__Description of the task__: Beginning with the line that holds "2003 Moores Mill" and ending with the last line below, repeat each line exactly, leaving any pictures out.

__Exercise data__:
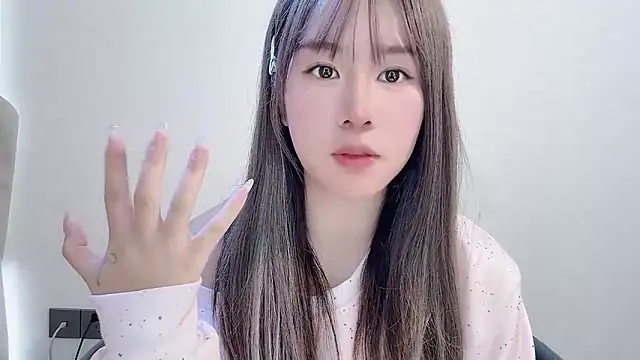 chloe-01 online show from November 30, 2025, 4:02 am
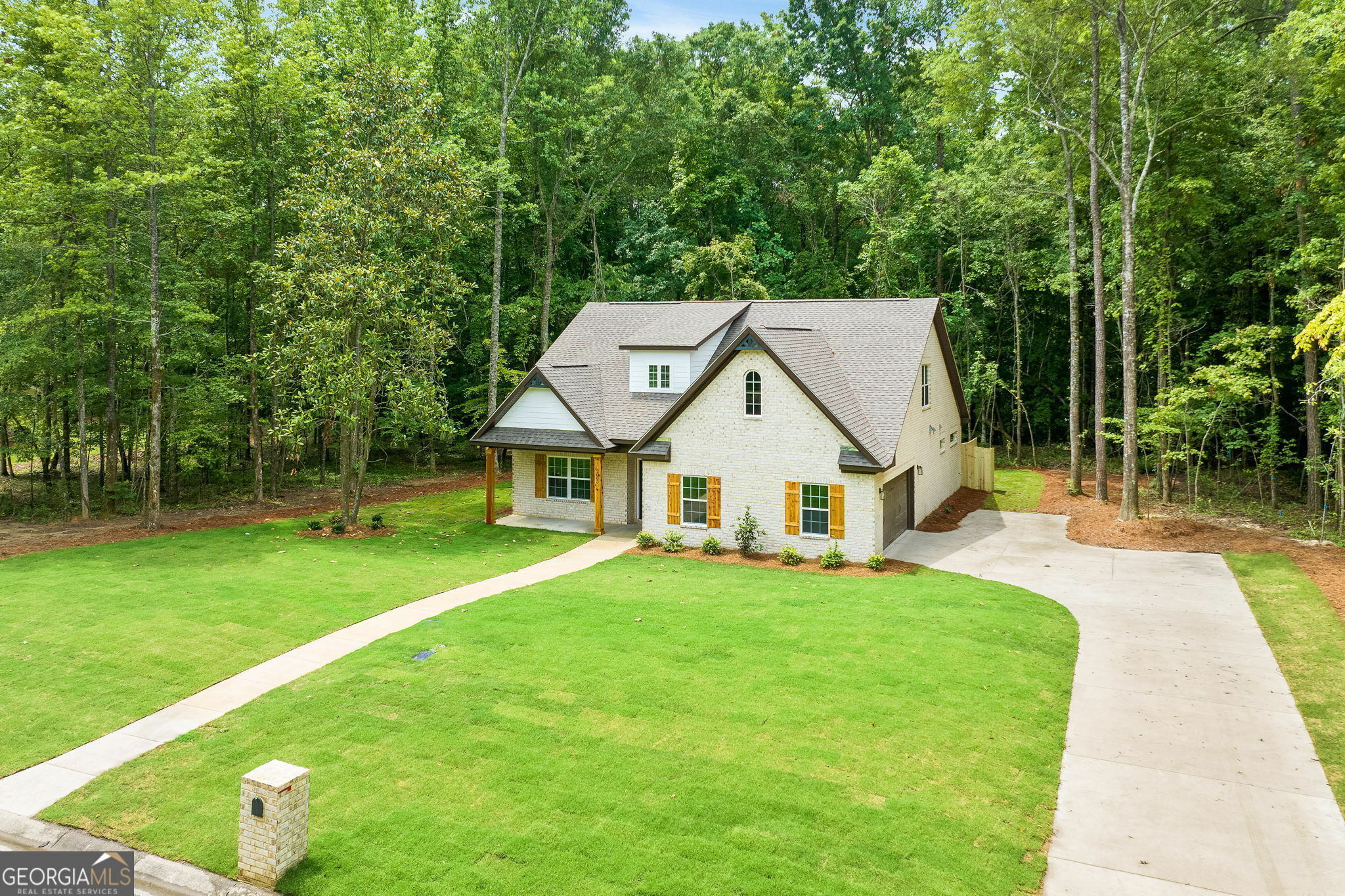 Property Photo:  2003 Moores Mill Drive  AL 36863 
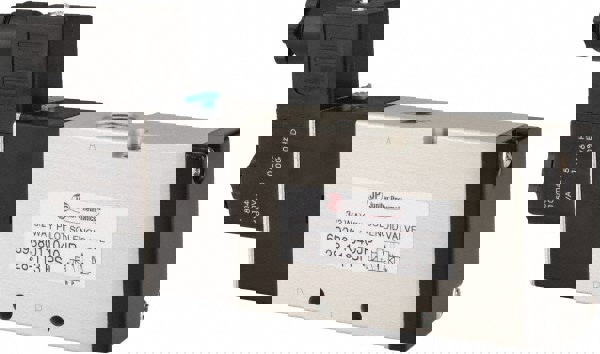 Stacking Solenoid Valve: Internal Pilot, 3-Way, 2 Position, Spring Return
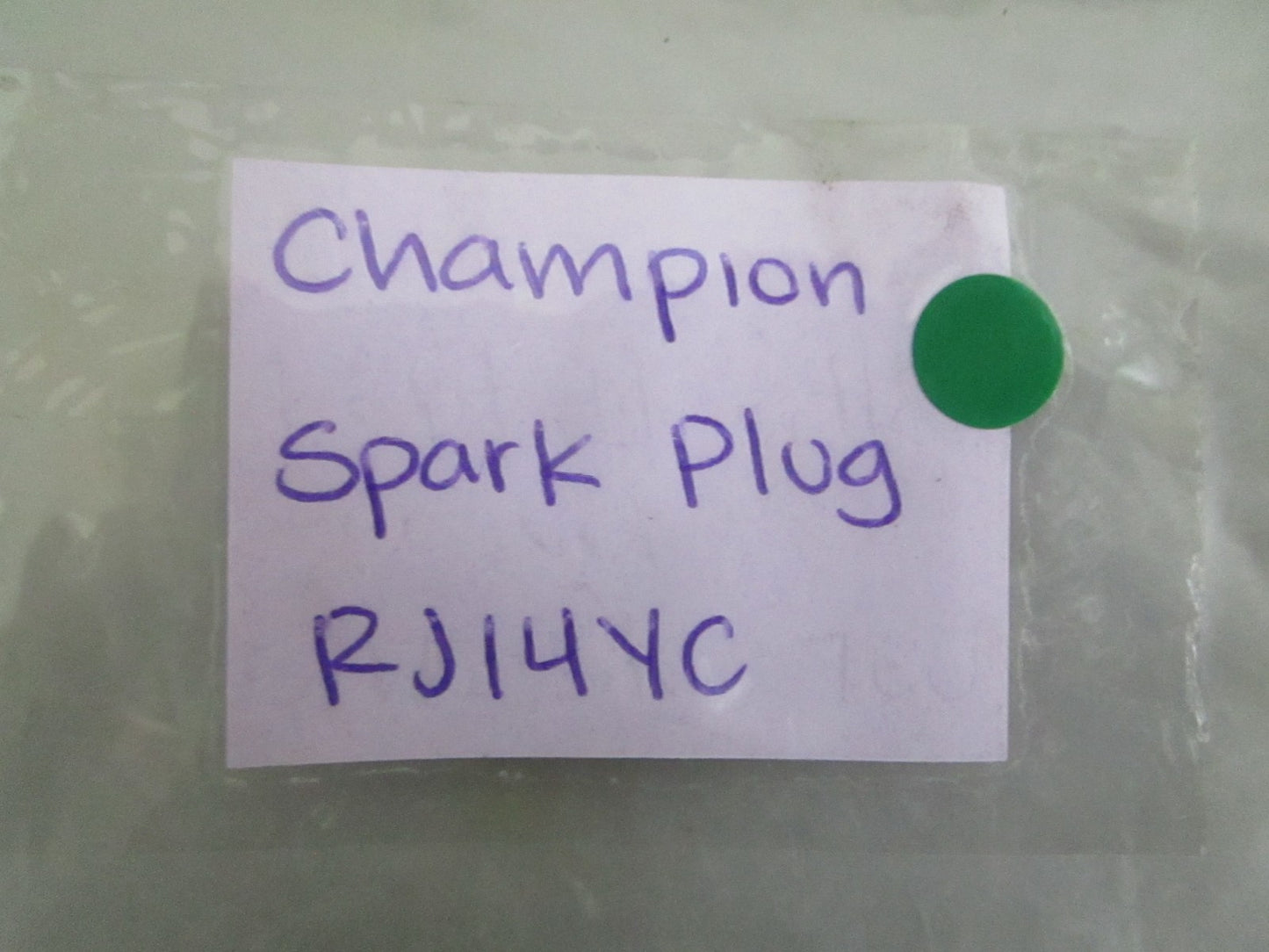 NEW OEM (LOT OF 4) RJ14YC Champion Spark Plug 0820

__Result of the task__:
 Property Photo:  2003 Moores Mill Drive  AL 36863 
 Stacking Solenoid Valve: Internal Pilot, 3-Way, 2 Position, Spring Return
 NEW OEM (LOT OF 4) RJ14YC Champion Spark Plug 0820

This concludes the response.